Chet hooked up to a Black Drum on the Spinning Rod.
He landed the fish but as he went to lift it up for a photo he lost grip and the fish got away. Now that he got a fish on the spinner he wanted to get back to the Fly so we switched him back out, put on a nice sinking crab pattern fly and he went to work on the schools all around him. Well I knew with his skill he had a excellent chance and he proved me right, not 10 minutes later the Fly Rod bends tight and he's getting worked by a 30"+ black drum.

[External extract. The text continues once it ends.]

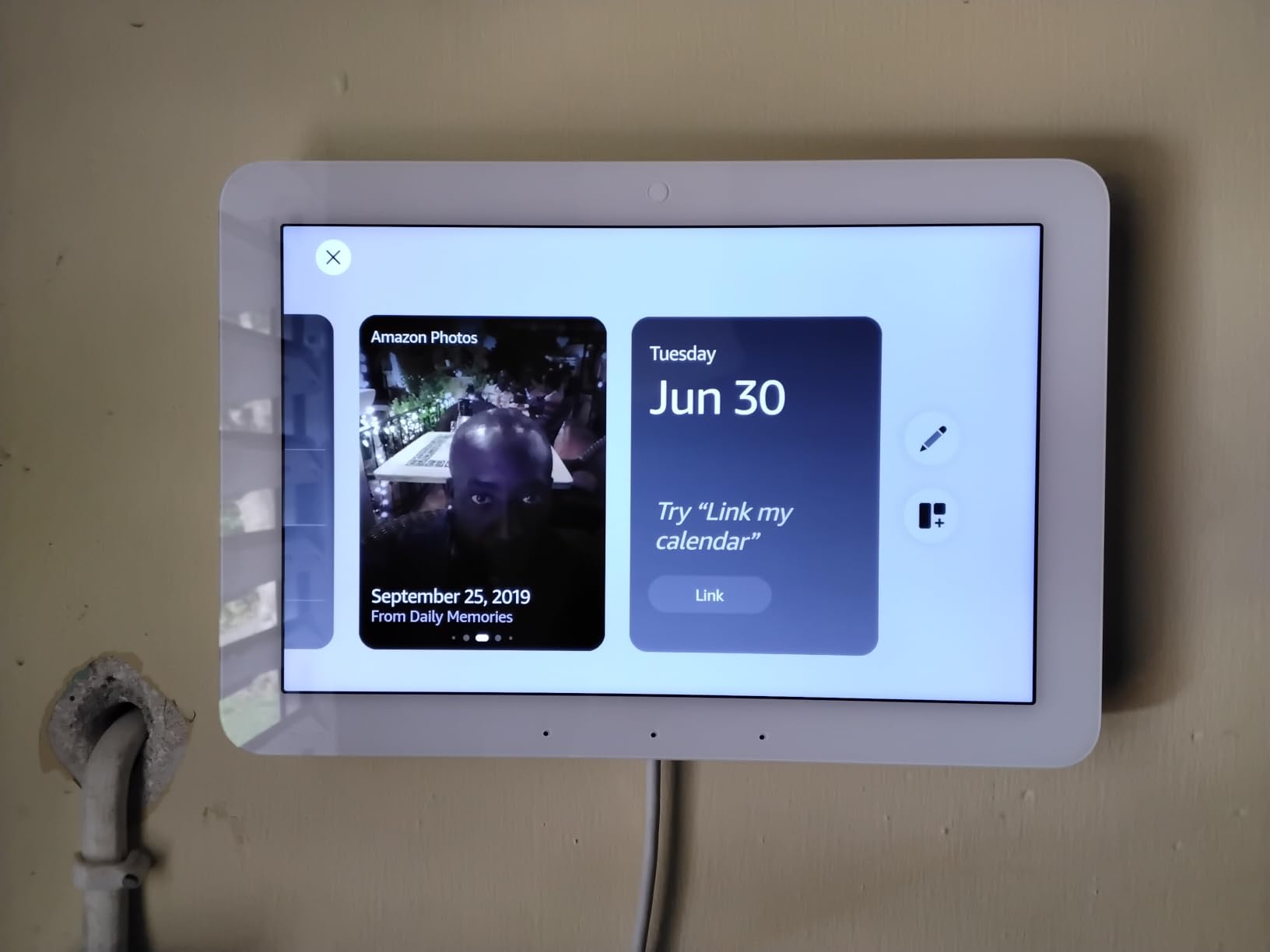 Like-New Amazon Echo Hub, 8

Chet hooked up to a Black Drum on Fly!
So again we had another quick release just as I got a hold of the leader and was about to lip the fish he gave one last shake and the fly's knot came undone and blackie swam for his life before we could photo up. Luckily I was able to leader the fish before it broke so we both felt OK calling it a catch! I then asked chet if he had a duplicate of that fly, and he said he learned a long time ago to always have 2 or 3 of each in case of this type of situation. So he tied on another sinking crab pattern fly with a little more attention paid to the knot and with schools still surrounding us he got back to work with the fly rod. It didn't take long with all the fish around us, 10 minutes later he's hooked up again and we landed this one and although not as big as the previous he was still a rewarding catch! Chet left the IRL a extremely happy man with 3 Blacks a species he's never caught before and one of the tougher species to get on fly in the area, and I caught 2 26" reds and 8 Blacks all 24 - 30".